You may work on problems together, but write up
the solutions on your own. Especially, team work of students with
a background in life
sciences together with students with a background
in statistics, computer science or mathematics is highly encouraged. However,
every
student must be able to present his/her solutions
in class.
(1) Dayhoff's method applied to DNA
Use the following alignment for fitting a model
of DNA evolution along the lines of the
Dayhoff model for protein evolution.
TACTGCTATGCTATTCTAGTCTGGGCATCTATCATAAAGAGAGGGTATCATCTCT
TACTACTAC---ATTTCAATCTGAGCCTCTATCAGAAAGAGAGGCTATCTTCTCT
(a) Calculate M(emp).
(b) What is the mutability of A,C,G and T?

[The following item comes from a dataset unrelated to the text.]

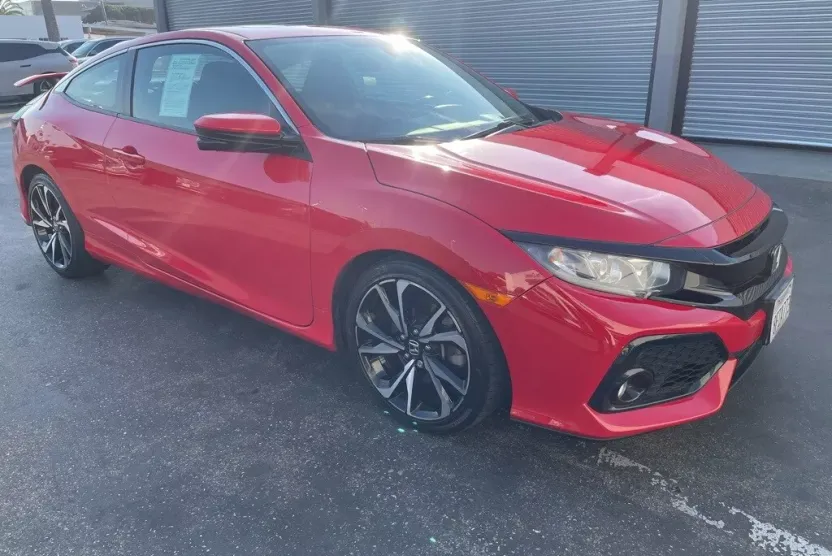 2017 Honda Civic Si photo 1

(c) Calculate a transition matrix, which is calibrated
to 1 PAM.
(d) Calculate a 64-PAM score matrix from this
model.
(e) Calculate the stationary distribution of
the model.
(2) The score of random alignments and profiles
We consider the following score system for DNA
Match
=+3
Transition =-1
Transversion =-2
Let X_1, X_2, X_3, Y_1, Y_2, Y_3 be independent
uniformly distributed random variables with values in {A,C,G,T}. I.e. P[X_k=i]=P[Y_l=j]=1/4
for all i,j in {A,C,G,T} and all l,k in {1,2,3}. Now we consider the fixed
alignment
X_1 X_2 X_3
Y_1 Y_2 Y_3
(a) For a fixed real number t, what is the probability
that the score of the small alignment above is greater or equal to t?
(b) Give a general formula for random alignments
of arbitrary length.
Assume that we have a profile score matrix (a position specific score) given by a (4xm)-matrix W(i,j). Remenber, the definition of profile scores: If we align a letter i to column j of the profile, we score this position by W(i,j). Now, we score this profile with a random sequence. (As above, the sequence has independent and uniformly distributed positions.)
(c) For a real number t, calculate P[Score>t]. Or in other words, calculate the distribution of the score.